La loi de 1905 est claire. Ce n’est pas à la puissance publique de financer la construction d’édifices religieux.
Une ligne de fracture divise la gauche elle-même sur l’esprit de la laïcité. Les uns la voudraient sans concession, les autres plus conciliante avec les religions. Dans quelle vision le Grand Orient se reconnaît-il?
La laïcité s’est imposée au long d’un parcours difficile. Les accommodements dont elle a fait l’objet sont déjà anciens. La laïcité est aujourd’hui encore plus nécessaire qu’hier, elle est le pilier de la République.
« La religion doit avant tout être affaire de conviction intime »
Daniel Keller
Les sondages démontrent que la montée du rejet de l’islam se confirme chez les électeurs de droite mais s’est installée – et c’est nouveau – à gauche. Constatez-vous cette tendance au sein du Grand Orient?
La République s’est construite dans le dépassement des assignations théologiques quelles qu’elles soient. C’est le message laissé par la Révolution française: l’avènement d’un monde dans lequel les hommes décident seuls de la loi qu’ils veulent se donner sans tourner les yeux vers le ciel! C’est pour cela que la religion doit avant tout être affaire de conviction intime.
L’été 2016 a été marqué par le massacre de Nice et l’assassinat du père Jacques Hamel qui célébrait la messe. Ce dernier acte a profondément ému la France: l’ampleur de cette émotion pour ce vieux prêtre vous a-t-elle étonné? Fallait-il que le président de la République aille à Rome pour rencontrer le Pape à ce propos?
L’assassinat d’un prêtre est révoltant comme l’assassinat de tout être humain. Cela étant, les propos qui ont consisté à dénoncer la loi républicaine comme légalisation des déviances, ou assomption d’un funeste pluralisme des valeurs, sont préoccupants. Je ne suis pas sûr, à titre personnel, que le président de la République devait pour autant rendre visite au Pape.
Ces faits provoquent un durcissement de l’opinion et du débat en vue des élections présidentielles. Comment voyez-vous l’évolution de la France travaillée par la question de son identité et, pour certains, au bord d’une crise civile?
L’enjeu majeur de la prochaine élection sera le rassemblement des citoyens sur le projet républicain dont la France a besoin: un projet qui renoue avec l’ambition intégratrice de la République.
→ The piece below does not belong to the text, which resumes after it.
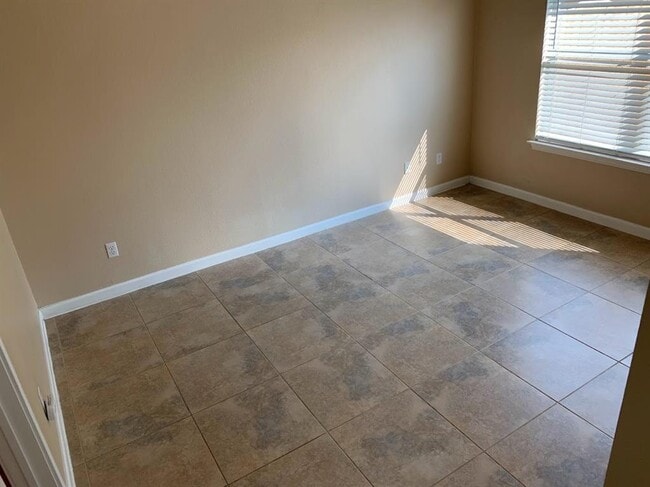 Building Photo - 2866 Southampton Way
Un projet qui ne se limite pas à un arsenal de mesures sécuritaires, si nécessaires soient-elles. Il est urgent de redonner confiance dans la France à la jeunesse.
Vous quittez votre charge de grand maître du Grand Orient de France, quel bilan tirez-vous?
Après trois ans de grande maîtrise, je suis préoccupé par le fait que la franc-maçonnerie doive aller toujours plus à contre-courant. Avons-nous été suffisamment pugnaces? Je me réjouis de la visibilité que le Grand Orient de France a retrouvée. Mais elle doit servir à donner aux réflexions des francs-maçons la portée qu’elles méritent. Enfin, la cohésion retrouvée de l’obédience est essentielle à son rayonnement futur.